• [Task statement]: Nothing but the lines from the one containing "Mandarin line skeych" through the last line of the records below should be written out, each exactly as it stands.

Scraped caption text data:
▶

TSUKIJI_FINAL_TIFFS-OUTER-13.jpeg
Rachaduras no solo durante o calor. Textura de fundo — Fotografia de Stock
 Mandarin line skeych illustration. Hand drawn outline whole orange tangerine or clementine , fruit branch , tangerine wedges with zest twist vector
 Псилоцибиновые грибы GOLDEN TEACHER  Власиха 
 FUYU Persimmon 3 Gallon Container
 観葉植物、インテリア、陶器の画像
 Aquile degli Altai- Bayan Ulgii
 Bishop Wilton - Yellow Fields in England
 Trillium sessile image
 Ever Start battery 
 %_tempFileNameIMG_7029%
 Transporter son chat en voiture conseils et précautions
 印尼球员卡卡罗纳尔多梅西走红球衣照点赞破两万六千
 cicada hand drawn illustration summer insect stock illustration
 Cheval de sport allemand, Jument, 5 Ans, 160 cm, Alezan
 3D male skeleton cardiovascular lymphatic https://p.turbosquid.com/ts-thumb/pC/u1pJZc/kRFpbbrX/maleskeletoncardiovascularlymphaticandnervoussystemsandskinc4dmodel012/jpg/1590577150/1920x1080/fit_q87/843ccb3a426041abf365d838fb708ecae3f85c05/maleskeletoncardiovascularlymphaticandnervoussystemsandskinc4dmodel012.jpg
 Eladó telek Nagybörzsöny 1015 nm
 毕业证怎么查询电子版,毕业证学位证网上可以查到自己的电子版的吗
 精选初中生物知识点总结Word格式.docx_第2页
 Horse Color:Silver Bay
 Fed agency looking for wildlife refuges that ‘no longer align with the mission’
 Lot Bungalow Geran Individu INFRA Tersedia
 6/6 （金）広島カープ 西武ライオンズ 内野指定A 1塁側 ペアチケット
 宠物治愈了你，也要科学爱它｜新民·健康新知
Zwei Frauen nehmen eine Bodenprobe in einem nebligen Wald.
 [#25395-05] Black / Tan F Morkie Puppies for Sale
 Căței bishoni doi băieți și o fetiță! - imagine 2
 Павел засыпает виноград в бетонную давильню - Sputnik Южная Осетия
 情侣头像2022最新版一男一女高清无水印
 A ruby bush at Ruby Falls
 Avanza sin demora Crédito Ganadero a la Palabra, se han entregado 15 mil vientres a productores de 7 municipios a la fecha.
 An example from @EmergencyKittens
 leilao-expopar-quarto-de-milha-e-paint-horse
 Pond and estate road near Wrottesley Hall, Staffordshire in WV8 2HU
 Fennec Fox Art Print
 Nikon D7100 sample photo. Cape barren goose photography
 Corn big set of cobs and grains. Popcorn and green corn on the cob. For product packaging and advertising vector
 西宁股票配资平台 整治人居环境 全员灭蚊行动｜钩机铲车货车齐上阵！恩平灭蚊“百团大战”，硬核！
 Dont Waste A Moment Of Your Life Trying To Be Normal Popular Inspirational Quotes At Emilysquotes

◀

• [Reply]:
 Mandarin line skeych illustration. Hand drawn outline whole orange tangerine or clementine , fruit branch , tangerine wedges with zest twist vector
 Псилоцибиновые грибы GOLDEN TEACHER  Власиха 
 FUYU Persimmon 3 Gallon Container
 観葉植物、インテリア、陶器の画像
 Aquile degli Altai- Bayan Ulgii
 Bishop Wilton - Yellow Fields in England
 Trillium sessile image
 Ever Start battery 
 %_tempFileNameIMG_7029%
 Transporter son chat en voiture conseils et précautions
 印尼球员卡卡罗纳尔多梅西走红球衣照点赞破两万六千
 cicada hand drawn illustration summer insect stock illustration
 Cheval de sport allemand, Jument, 5 Ans, 160 cm, Alezan
 3D male skeleton cardiovascular lymphatic https://p.turbosquid.com/ts-thumb/pC/u1pJZc/kRFpbbrX/maleskeletoncardiovascularlymphaticandnervoussystemsandskinc4dmodel012/jpg/1590577150/1920x1080/fit_q87/843ccb3a426041abf365d838fb708ecae3f85c05/maleskeletoncardiovascularlymphaticandnervoussystemsandskinc4dmodel012.jpg
 Eladó telek Nagybörzsöny 1015 nm
 毕业证怎么查询电子版,毕业证学位证网上可以查到自己的电子版的吗
 精选初中生物知识点总结Word格式.docx_第2页
 Horse Color:Silver Bay
 Fed agency looking for wildlife refuges that ‘no longer align with the mission’
 Lot Bungalow Geran Individu INFRA Tersedia
 6/6 （金）広島カープ 西武ライオンズ 内野指定A 1塁側 ペアチケット
 宠物治愈了你，也要科学爱它｜新民·健康新知
Zwei Frauen nehmen eine Bodenprobe in einem nebligen Wald.
 [#25395-05] Black / Tan F Morkie Puppies for Sale
 Căței bishoni doi băieți și o fetiță! - imagine 2
 Павел засыпает виноград в бетонную давильню - Sputnik Южная Осетия
 情侣头像2022最新版一男一女高清无水印
 A ruby bush at Ruby Falls
 Avanza sin demora Crédito Ganadero a la Palabra, se han entregado 15 mil vientres a productores de 7 municipios a la fecha.
 An example from @EmergencyKittens
 leilao-expopar-quarto-de-milha-e-paint-horse
 Pond and estate road near Wrottesley Hall, Staffordshire in WV8 2HU
 Fennec Fox Art Print
 Nikon D7100 sample photo. Cape barren goose photography
 Corn big set of cobs and grains. Popcorn and green corn on the cob. For product packaging and advertising vector
 西宁股票配资平台 整治人居环境 全员灭蚊行动｜钩机铲车货车齐上阵！恩平灭蚊“百团大战”，硬核！
 Dont Waste A Moment Of Your Life Trying To Be Normal Popular Inspirational Quotes At Emilysquotes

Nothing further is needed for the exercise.